The original had a slightly different beat and a less monied production than "'97 Bonnie and Clyde," the version on the Interscope album, but on the Shady LP, Hailie chillingly plays herself (she is also on the album cover and liner notes). "I lied to Kim and told her I was taking Hailie to Chuck E. Cheese that day," Em recalls. "But I took her to the studio. When she found out I used our daughter to write a song about killing her, she fucking blew. We had just got back together for a couple of weeks. Then I played her the song, and she bugged the fuck out."

Kim declines to comment on that song or any of the others about her, including a track slated for Em's next album called "Kim." The song is the prelude to "'97 Bonnie and Clyde," with Em acting out the screaming fight that ends in murder. Em has played it for her already and claims that now she is truly convinced that he is insane. "If I was her, I would have ran when I heard that shit," Dre says. "It's over the top — the whole song is him screaming. It's good, though. Kim gives him a concept."

Em's friend Proof has been around the couple from the beginning. "This is what I love about Em," he says. "One time we came home and Kim had thrown all his clothes on the lawn — which was, like, two pairs of pants and some gym shoes. So we stayed at my grandmother's, and Em's like, 'I'm leaving her; I'm never going back.' Next day, he's back with her. The love they got is so genuine, it's ridiculous. He gonna end up marrying her.
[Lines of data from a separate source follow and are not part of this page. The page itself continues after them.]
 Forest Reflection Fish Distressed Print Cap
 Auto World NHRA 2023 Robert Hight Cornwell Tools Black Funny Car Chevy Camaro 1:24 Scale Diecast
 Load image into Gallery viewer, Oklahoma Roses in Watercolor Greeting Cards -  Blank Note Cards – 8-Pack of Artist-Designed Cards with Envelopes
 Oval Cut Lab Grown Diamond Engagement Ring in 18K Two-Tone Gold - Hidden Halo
But there's always gonna be conflict there."

Em says Hailie has heard his record and loves it, but he knows she's too young still to get much more than the beats. "When she gets old enough, I'm going to explain it to her," Em says. "I'll let her know that Mommy and Daddy weren't getting along at the time. None of it was to be taken literally." He shakes his head ruefully. "Although at the time, I wanted to fucking do it." Em is the first to admit he's got a bad temper, which he has harnessed into a career. "My thoughts are so fucking evil when I'm writing shit," he says. "If I'm mad at my girl, I'm gonna sit down and write the most misogynistic fucking rhyme in the world. It's not how I feel in general, it's how I feel at that moment. Like, say today, earlier, I might think something like, 'Coming through the airport sluggish, walking on crutches, hit a pregnant bitch in the stomach with luggage.'"
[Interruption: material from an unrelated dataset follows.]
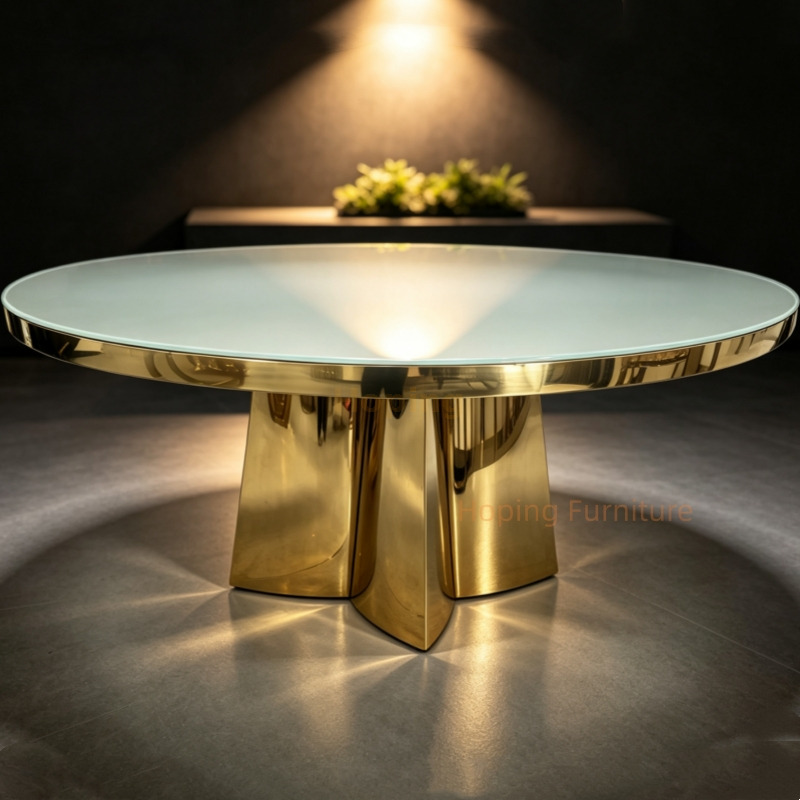 Luxury Round Dining Table Mirror Gold Stainless Steel Four-Petal Base Frosted Tempered Glass Top Modern Home Banquet Table
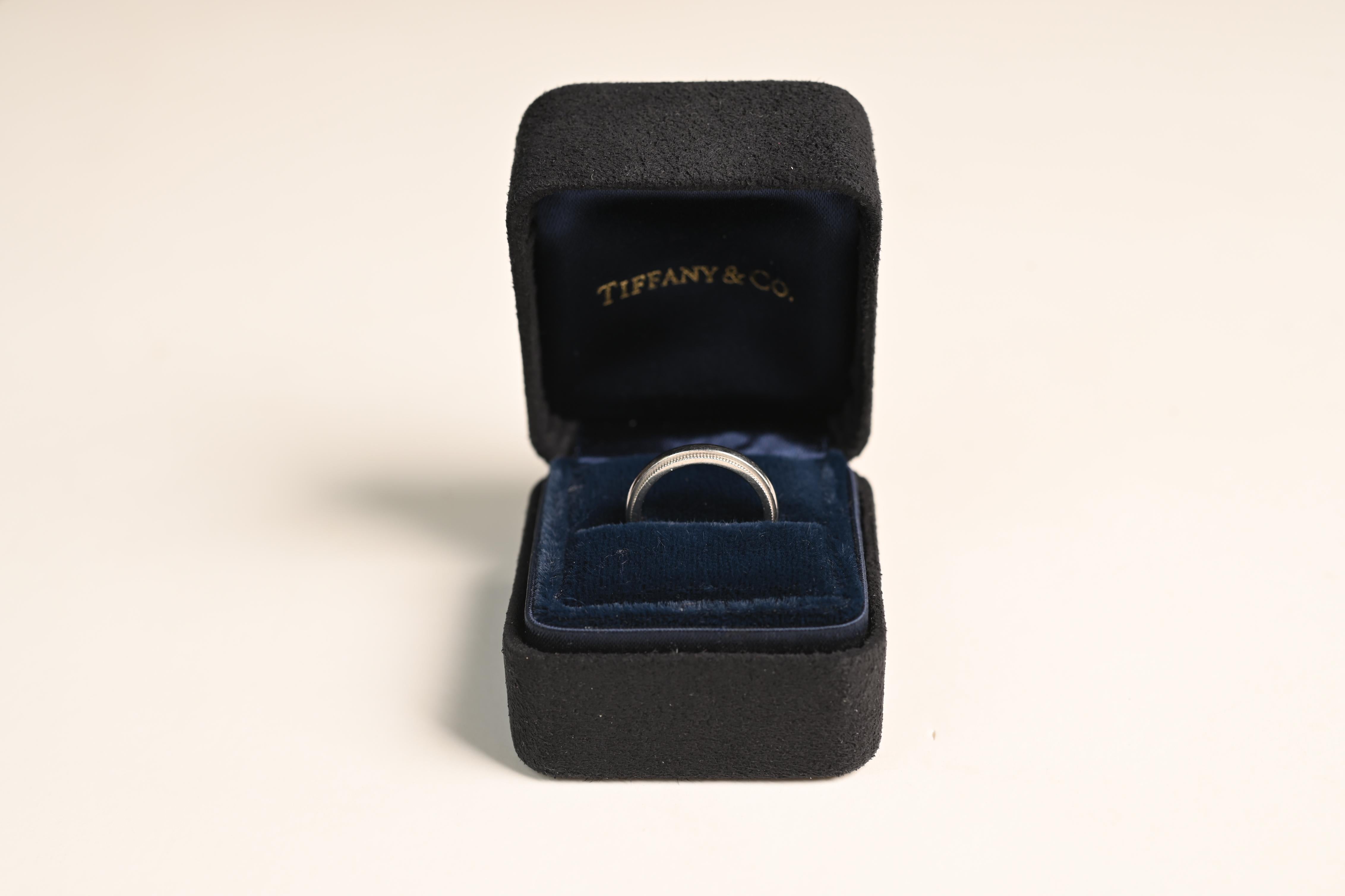 Art Deco Tiffany & Co. 3.1mm Wedding Band, Platinum For Sale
Slim Shady is Marshall Mathers' way of taking revenge on the world, and he's also a defense mechanism. On the one hand, a lot of Slim Shady's cartoonish fantasies are offensive; on the other, they're better than Mathers re-creating the kind of abuse the world heaped upon him while growing up. "I dealt with a lot of shit coming up, a lot of shit," he says. "When it's like that, you learn to live day to day. When all this happened, I took a deep breath, just like, 'I did it.' " The magnitude of what he's done in such a short time doesn't seem to have sunk in. Em hasn't sipped the bubbly or smelled the roses — and if he allots time for that in the next few months, it will have to be at the drive-through. As for the future, he won't even wager a guess.

"If he remains the same person that walked into the studio with me that first day, he will be fucking larger than Michael Jackson," says a confident Dre. "There are a lot of ifs and buts, but my man, he's dope and very humble." As Em closes the door, with Hailie's blanket in his hands, he looks humble, a little tired and pretty happy. For now.